## Input data

-*-

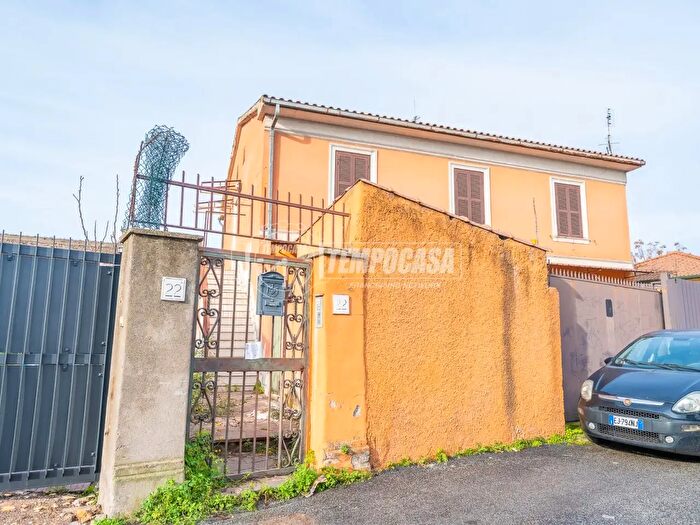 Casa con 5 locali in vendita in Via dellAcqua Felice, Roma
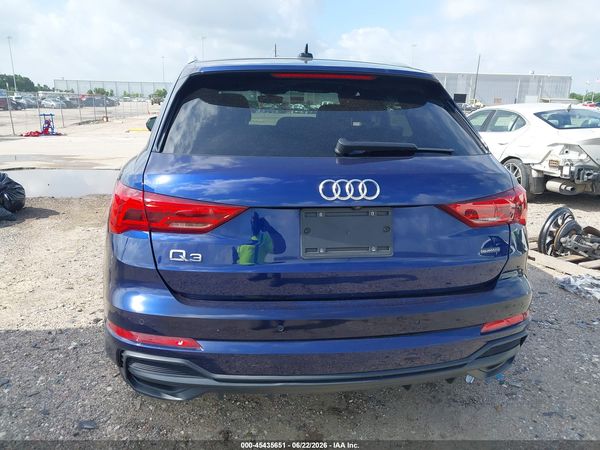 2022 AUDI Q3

-*-

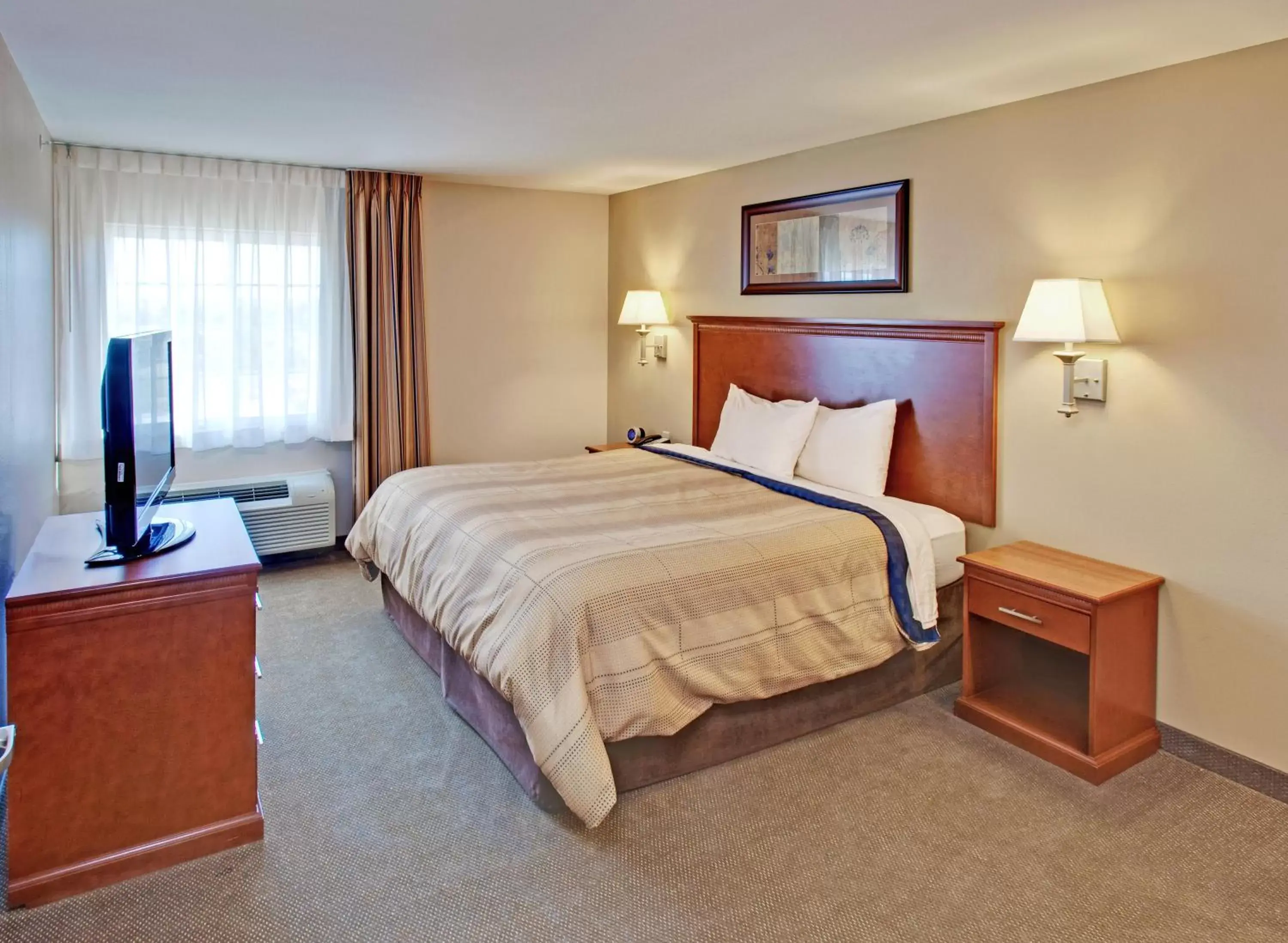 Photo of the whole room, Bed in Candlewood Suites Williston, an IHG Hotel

-*-

## Task goal
The material above holds pictures; leave them out and set down exactly the lines from the line with "Casa con 5 locali" to the line with "2022 AUDI Q3", both included.

## Problem solution
 Casa con 5 locali in vendita in Via dellAcqua Felice, Roma
 2022 AUDI Q3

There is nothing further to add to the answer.